Cuando llegó, la Villa era desierto. Fue en noviembre, ni siquiera enero, la época en la que ese amigo había visto por lo menos a alguna de las dos mil personas que empezaban a conocer los bosques. Rocco hizo el viaje en tren y después en micro. En la ruta, notó exóticos turistas que iban abordando el micro sin sombrillas, pero con gallinas y algo de pan. “Era gente de campo, yo decía ¿a dónde vamos?.” A Gesell, claro, pero se lo volvió preguntar a su amigo pocos kilómetros después, cuando el micro no frenó por una nueva combinación, sino porque terminaba el viaje.

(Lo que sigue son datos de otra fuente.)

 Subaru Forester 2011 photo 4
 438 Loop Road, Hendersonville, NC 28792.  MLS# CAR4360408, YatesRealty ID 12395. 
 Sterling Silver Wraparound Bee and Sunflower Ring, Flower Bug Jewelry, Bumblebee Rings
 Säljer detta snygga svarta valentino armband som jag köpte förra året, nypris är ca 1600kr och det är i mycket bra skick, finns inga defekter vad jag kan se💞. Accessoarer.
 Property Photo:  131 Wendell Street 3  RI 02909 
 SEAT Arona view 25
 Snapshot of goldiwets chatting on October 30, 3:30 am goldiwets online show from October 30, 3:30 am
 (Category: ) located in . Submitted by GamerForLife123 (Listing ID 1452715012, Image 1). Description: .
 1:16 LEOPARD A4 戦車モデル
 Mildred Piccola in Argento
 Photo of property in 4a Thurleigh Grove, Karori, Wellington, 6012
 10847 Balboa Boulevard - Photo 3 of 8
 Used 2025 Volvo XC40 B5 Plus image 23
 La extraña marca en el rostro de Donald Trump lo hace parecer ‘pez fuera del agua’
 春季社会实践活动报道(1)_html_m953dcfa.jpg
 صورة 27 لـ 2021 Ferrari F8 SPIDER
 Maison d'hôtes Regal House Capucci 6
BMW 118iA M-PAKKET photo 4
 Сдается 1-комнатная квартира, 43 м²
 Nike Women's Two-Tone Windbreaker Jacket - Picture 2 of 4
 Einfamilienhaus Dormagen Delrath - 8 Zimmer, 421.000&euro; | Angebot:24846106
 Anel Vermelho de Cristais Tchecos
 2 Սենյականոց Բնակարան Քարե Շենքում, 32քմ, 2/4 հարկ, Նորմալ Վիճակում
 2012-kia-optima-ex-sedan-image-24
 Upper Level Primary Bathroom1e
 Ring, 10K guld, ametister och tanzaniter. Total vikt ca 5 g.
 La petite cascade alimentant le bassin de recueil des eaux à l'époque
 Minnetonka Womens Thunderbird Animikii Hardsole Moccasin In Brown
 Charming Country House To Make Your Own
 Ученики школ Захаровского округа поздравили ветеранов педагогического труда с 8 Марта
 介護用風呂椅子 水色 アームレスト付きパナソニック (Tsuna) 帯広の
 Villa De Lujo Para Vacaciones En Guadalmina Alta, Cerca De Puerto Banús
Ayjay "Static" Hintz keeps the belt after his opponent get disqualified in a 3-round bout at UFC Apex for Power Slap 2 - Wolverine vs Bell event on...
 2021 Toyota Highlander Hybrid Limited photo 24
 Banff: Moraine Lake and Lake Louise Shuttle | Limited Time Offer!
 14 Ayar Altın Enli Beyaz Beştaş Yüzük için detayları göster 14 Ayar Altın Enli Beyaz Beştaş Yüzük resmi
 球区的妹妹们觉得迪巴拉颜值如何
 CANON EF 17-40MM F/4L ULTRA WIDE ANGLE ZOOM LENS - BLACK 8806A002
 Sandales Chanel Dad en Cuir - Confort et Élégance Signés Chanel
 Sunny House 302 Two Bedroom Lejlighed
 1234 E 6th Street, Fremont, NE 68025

–¿Dónde estamos? –preguntó y le confirmaron que estaba en Gesell. Y después dijo: –Dejate de romper las bolas, acá no hay nadie.
Pero había. Gesell tenía ya un gran páramo de arena blanca, grandísimo y, lógico, vacío. Ese día había amanecido nublado. Cuando llegó Rocco, llovió. Buscó urgente otro micro, para Devoto. “Era un quilombo infernal por la lluvia y dije: conozco la playa y al otro día me voy.” Al otro día, caminó las cinco cuadras del pueblo al rayo caliente del sol. Rocco recorrió la arena y desde el mar oteó a las únicas cuatro personas de la playa: mujeres, alemanas. “Nos acercamos de caretas y nos invitaron a tomar el té porque la madre de una había alquilado un restaurante.”
El 22 de diciembre, el hermano de Rocco llegó al pueblo. Lo fue a buscar. Rocco volvió a Devoto a pasar las navidades. El 26 entró a la Villa y no se fue más.